**WHAT THE TASK REQUIRES**
Somewhere in the records below is a line containing "Choose Your Prong". Copy that line and everything after it through the end, unchanged.

--- TASK INPUT Enclosed Below ---

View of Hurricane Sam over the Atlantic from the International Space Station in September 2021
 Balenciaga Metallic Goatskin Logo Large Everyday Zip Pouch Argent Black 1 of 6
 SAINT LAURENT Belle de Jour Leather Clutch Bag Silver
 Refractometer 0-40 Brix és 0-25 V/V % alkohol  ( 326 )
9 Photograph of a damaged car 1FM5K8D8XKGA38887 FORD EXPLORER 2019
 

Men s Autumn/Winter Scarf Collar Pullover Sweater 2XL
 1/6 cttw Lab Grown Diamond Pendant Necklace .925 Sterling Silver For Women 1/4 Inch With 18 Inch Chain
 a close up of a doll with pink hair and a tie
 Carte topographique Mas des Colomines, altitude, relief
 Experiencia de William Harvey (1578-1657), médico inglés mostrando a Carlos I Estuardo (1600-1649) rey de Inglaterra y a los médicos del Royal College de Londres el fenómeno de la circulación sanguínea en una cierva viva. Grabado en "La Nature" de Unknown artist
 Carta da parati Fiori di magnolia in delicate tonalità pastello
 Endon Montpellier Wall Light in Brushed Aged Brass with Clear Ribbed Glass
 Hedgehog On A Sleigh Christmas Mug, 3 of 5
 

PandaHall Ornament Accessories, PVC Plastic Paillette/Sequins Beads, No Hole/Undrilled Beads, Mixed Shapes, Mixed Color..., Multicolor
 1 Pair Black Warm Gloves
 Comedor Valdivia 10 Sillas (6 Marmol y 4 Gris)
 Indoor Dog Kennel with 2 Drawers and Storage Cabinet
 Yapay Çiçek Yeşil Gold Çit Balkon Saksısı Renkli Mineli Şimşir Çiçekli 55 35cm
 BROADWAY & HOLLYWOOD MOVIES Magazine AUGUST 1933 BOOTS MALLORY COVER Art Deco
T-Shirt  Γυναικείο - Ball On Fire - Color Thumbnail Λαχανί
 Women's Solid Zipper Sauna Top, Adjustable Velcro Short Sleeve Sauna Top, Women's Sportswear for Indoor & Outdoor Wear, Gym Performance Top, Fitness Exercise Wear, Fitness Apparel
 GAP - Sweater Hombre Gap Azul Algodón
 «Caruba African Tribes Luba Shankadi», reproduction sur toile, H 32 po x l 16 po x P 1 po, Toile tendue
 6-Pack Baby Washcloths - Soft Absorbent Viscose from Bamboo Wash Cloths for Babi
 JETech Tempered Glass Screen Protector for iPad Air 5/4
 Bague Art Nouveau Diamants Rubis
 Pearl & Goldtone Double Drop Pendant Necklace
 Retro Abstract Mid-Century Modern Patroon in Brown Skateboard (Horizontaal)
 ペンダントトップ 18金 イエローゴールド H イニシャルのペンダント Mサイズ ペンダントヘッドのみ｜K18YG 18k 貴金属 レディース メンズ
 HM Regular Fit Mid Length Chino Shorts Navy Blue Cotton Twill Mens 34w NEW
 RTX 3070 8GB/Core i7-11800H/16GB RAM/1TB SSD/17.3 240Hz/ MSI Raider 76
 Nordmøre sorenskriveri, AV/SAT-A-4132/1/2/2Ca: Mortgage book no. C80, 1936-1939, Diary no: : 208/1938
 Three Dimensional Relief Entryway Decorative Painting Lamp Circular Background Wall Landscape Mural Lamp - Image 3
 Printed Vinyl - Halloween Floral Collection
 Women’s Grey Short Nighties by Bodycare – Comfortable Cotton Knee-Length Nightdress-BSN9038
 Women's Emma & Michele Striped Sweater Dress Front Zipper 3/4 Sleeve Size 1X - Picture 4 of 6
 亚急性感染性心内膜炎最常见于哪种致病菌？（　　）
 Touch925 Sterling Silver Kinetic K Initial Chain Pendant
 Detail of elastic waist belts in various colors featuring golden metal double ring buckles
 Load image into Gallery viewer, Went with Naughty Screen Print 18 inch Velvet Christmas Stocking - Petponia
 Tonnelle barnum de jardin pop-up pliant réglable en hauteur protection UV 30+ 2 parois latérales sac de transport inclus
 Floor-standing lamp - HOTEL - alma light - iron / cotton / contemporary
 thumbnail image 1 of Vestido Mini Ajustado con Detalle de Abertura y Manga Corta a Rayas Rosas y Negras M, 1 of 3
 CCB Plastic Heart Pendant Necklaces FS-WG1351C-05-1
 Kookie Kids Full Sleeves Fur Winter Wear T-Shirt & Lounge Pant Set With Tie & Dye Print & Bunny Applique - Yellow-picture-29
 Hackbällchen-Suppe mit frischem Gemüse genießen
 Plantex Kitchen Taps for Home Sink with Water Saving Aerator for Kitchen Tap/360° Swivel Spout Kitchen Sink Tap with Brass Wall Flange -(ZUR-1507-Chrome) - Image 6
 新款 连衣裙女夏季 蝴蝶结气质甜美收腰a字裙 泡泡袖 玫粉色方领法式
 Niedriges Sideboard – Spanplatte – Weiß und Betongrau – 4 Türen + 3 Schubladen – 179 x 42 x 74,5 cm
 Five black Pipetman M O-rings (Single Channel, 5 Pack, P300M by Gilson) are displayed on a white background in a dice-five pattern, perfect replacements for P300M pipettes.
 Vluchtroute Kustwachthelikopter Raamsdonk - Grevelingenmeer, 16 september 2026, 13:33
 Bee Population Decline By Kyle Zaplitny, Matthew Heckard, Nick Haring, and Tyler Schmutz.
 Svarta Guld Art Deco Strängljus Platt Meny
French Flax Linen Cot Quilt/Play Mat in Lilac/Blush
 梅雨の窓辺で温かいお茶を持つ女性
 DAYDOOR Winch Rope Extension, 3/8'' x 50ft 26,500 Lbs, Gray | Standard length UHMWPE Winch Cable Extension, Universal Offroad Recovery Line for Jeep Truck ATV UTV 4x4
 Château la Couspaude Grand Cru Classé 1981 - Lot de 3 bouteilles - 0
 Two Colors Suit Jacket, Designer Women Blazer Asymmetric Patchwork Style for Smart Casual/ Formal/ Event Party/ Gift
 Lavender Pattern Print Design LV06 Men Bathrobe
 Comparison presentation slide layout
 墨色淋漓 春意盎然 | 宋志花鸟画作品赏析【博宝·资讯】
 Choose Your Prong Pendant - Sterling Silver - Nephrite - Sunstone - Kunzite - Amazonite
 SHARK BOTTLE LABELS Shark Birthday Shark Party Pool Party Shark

--- End of Enclosed TASK INPUT ---

**YOUR SOLUTION**
 Choose Your Prong Pendant - Sterling Silver - Nephrite - Sunstone - Kunzite - Amazonite
 SHARK BOTTLE LABELS Shark Birthday Shark Party Pool Party Shark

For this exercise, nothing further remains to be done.